The National Cancer Institute has awarded Fred Hutchinson Cancer Research Center with five years and nearly $20 million in funding for research to develop better therapies for people with blood cancers. The award, announced this month, is the latest renewal of a grant that has been funded continuously for more than 40 years and is the primary source of funding for the Hutch’s marrow transplantation program.
“I am very optimistic that the work that will be supported by this grant will directly translate into continued improvements in cure rates in patients with leukemia, lymphoma and multiple myeloma,” said Fred Hutch Executive Vice President and Deputy Director Dr. Fred Appelbaum in emailed comments. Appelbaum is the principal investigator of the project, called the Adult Leukemia Research Center grant, or ALC grant.
This funding will advance three major areas of research at the Hutch:
First is the development of a genetically engineered T-cell therapy for patients whose leukemia has come back after chemotherapy. This experimental immunotherapy involves reprogramming patients’ disease-fighting T cells to kill cells bearing a molecule called WT1, which is found in high amounts on the cancer cells of many patients with acute myeloid leukemia. This project, led by Dr. Phil Greenberg, will explore ways to improve the strategy’s efficacy and lower its toxicity.
In the second project, a team led by Dr. Damian Green will evaluate the safety and efficacy of an experimental, genetically engineered T cell therapy for patients with multiple myeloma. This strategy aims the T cells of patients with recurrent multiple myeloma at cells bearing a marker called BCMA. The researchers will also be evaluating variations on this strategy that could improve its safety or efficacy.

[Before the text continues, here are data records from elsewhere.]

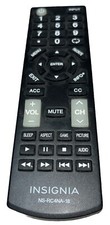 OEM Genuine Insignia Remote Control NS-RC4NA-18 Insignia TV Black Authentic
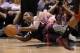 Chris Bosh was fined $5,000 for his flop in Game 4 of the NBA Finals last season.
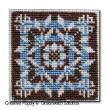 Gracewood Stitches - Swatchables - Rondo (Motif & 3 Variations) (cross stitch chart)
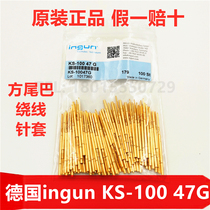 KS-100 47G original German ingun probe set ICT fixture Ingun test needle tube 1 7 needle holder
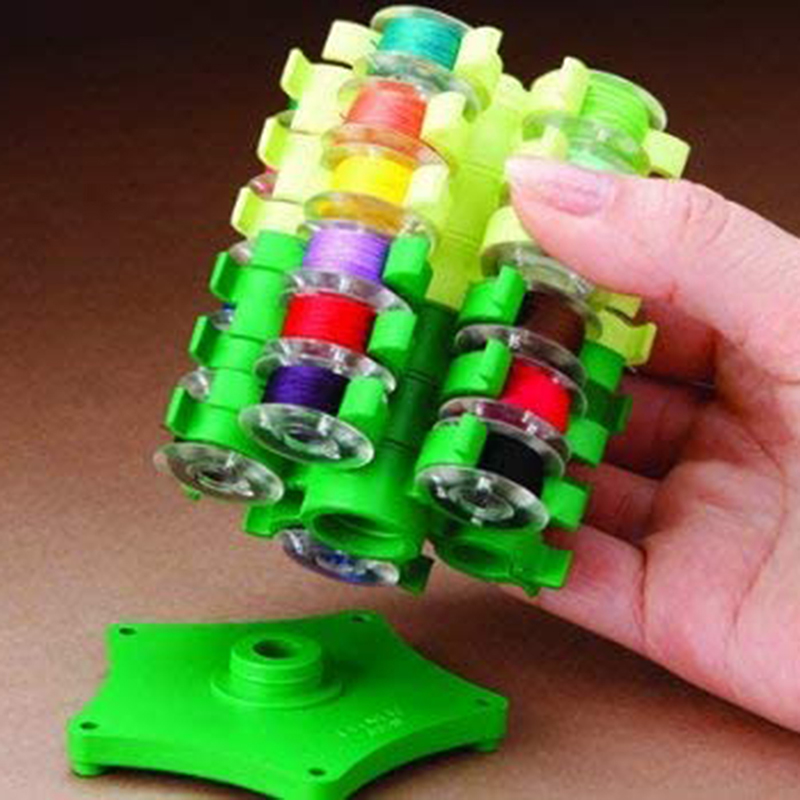 Storage Clip Stand Sewing Bobb - Waxed Thread Linen ulasan dan harga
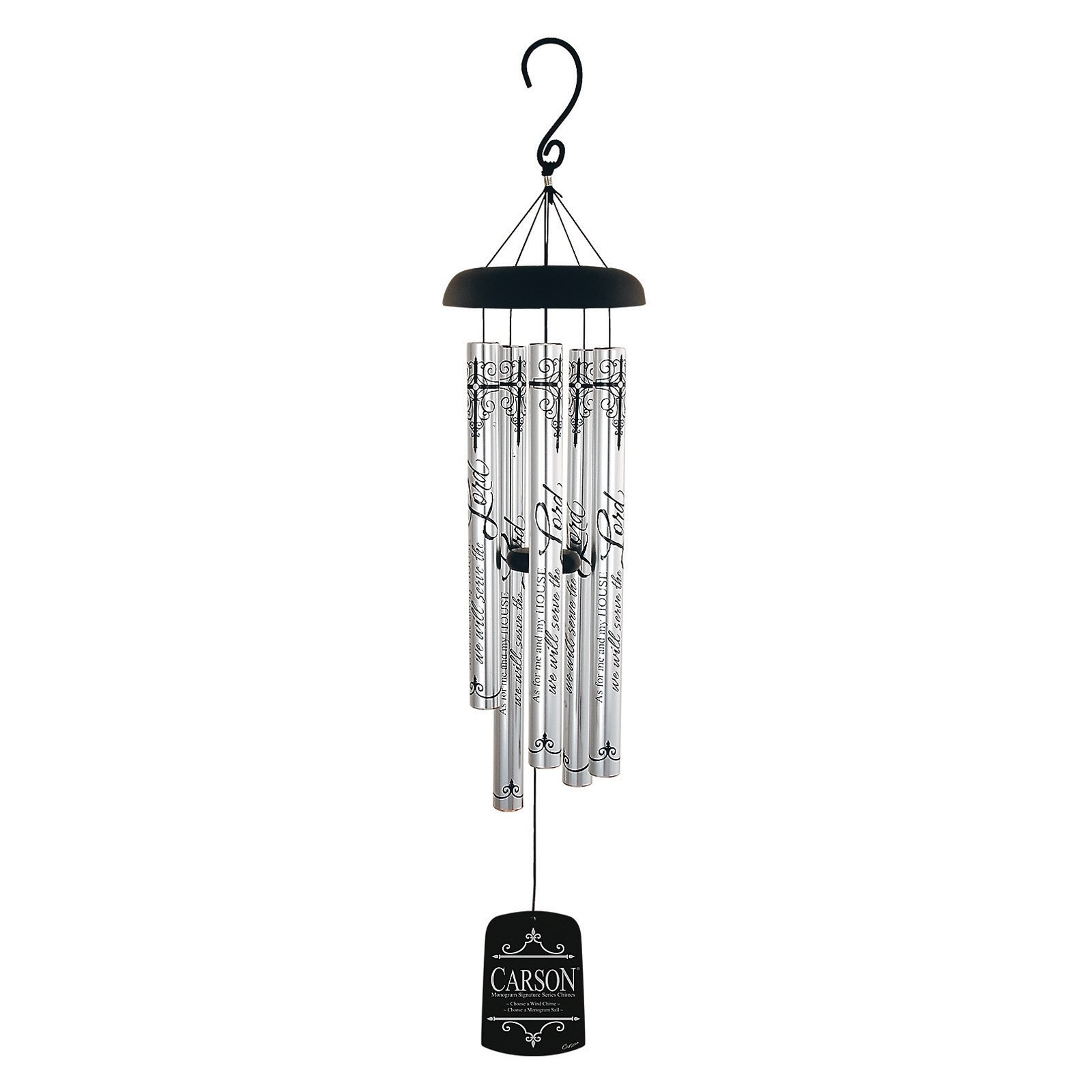 Signature Series 40 Inch Wind Chime - Serve Lord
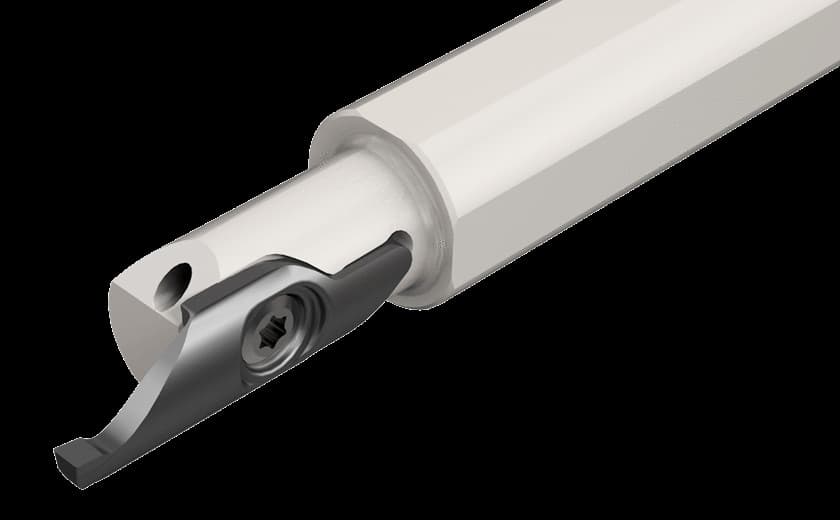 Iscar Min-Cut Coolant Thru Grooving Boring Bar 1/2" Shank MIFHR 12.7C-8 (LOC2359 2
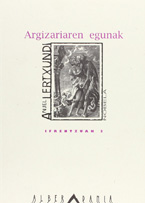 Argizariaren egunak - portada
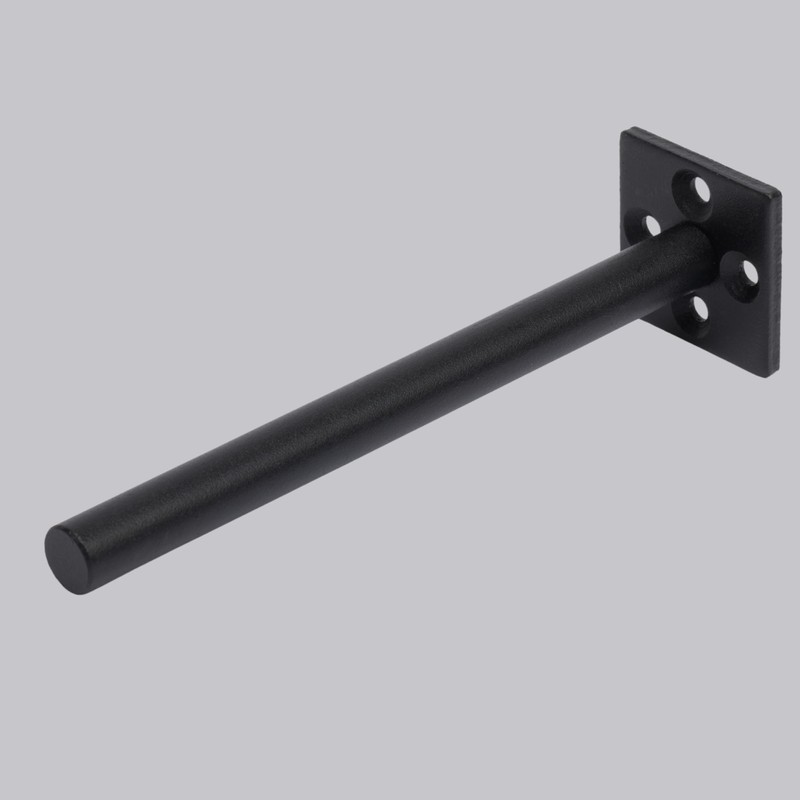 Rose's Rustics Heavy Duty Floating Shelf Bracket 6 Inch Rod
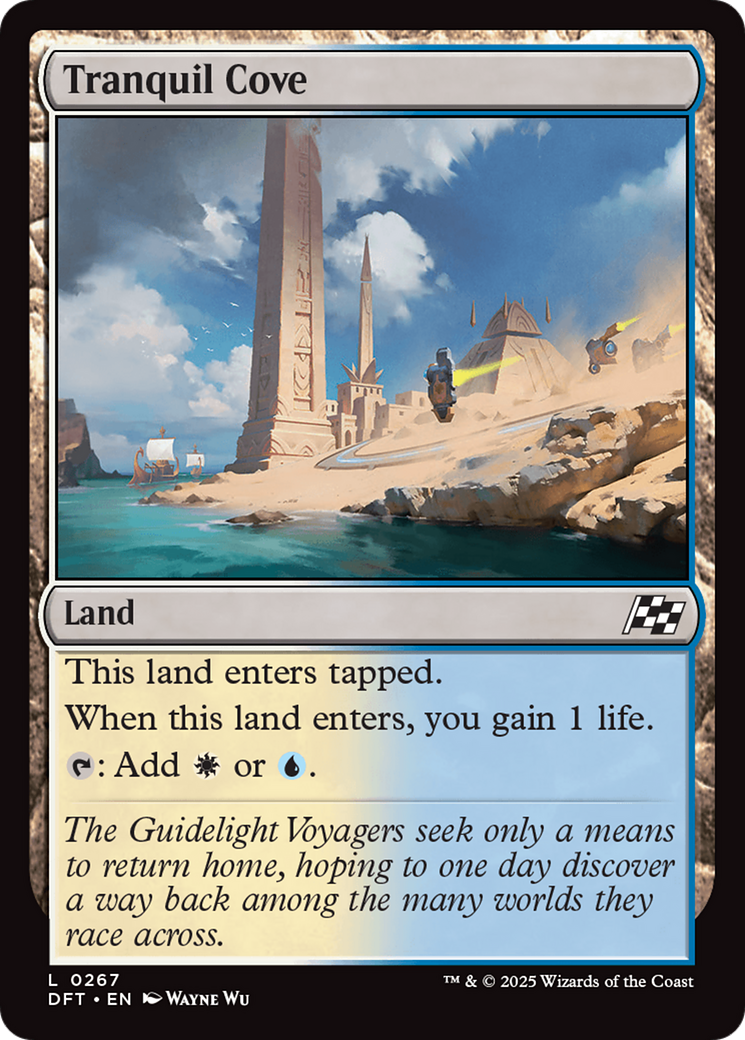 Tranquil Cove (DFT-267) - Feuille Aetherdrift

In the third project, researchers will evaluate novel strategies for preventing a common side effect of bone marrow transplant called graft-vs.-host disease, or GVHD. Under the leadership of Drs. Marie Bleakley and Marco Mielcarek, the team will test two novel approaches to preventing GVHD after transplant: removing certain GVHD-promoting immune cells from the donor tissue before transplant and treating the patient with a certain chemotherapy after transplant. The investigators will compare both approaches to the standard of care to determine which works best for preventing GVHD and staving off cancer relapse.
Besides improving T-cell therapies and eliminating GVHD, the research team’s other major goal is to develop methods to integrate T-cell therapy and donor transplantation.
Four decades of lifesaving discoveries
All three of these projects build off decades of discoveries by Hutch researchers that have made transplantation safer and more widely available.
“Don's goal from the start was to create a curative therapy for patients with hematologic malignancies, and that remains the goal of this grant,” Appelbaum said, referring to the PI for the grant’s first 15 years: the late Dr. E. Donnall Thomas, who won a Nobel Prize for the development of bone marrow transplantation. “It is gratifying that when we compare survival rates after transplantation at our institution over each decade … cure rates have continued to improve. Many different investigators have contributed to this work.
“Over that time, with the support of this grant and others that evolved from it, we have met a number of major challenges to transplantation,” said Appelbaum, describing how transplantation was once only used to treat patients under age 40 whose donors were identical twins or matched siblings. “With advances in unrelated and cord blood transplantation, we now can find a donor for almost everyone in need, and by eliminating many of the complications we have made the procedure far safer and tolerable.” (Read more about how bone marrow transplantation has evolved.)
Hutch scientists long ago recognized the importance of donor T cells in killing a patient’s cancer cells, a phenomenon known as the graft-vs.-leukemia effect. With the support of the ALC grant, Fred Hutch researchers have been developing methods to harness this effect, Appelbaum explained. The work of many investigators has now led to the emergence of T-cell therapies, “which we hopefully can use to overcome the remaining major challenge of transplantation, i.e., post-transplant relapse,” Appelbaum said.
The renewed grant also funds several centralized research support services, or cores, whose work will advance all three research projects. One of these is a program to collect long-term follow-up data on the well-being of patients who have received genetically modified T-cell therapy or bone marrow transplant; this work is directed by Dr. Stephanie Lee, who holds the David and Patricia Giuliani/Oliver Press Endowed Chair in Cancer Research. Another is a cell processing and sample collection core led by Dr. Cameron Turtle, and a third is a biostatistics and bioinformatics core led by Dr. Ted Gooley.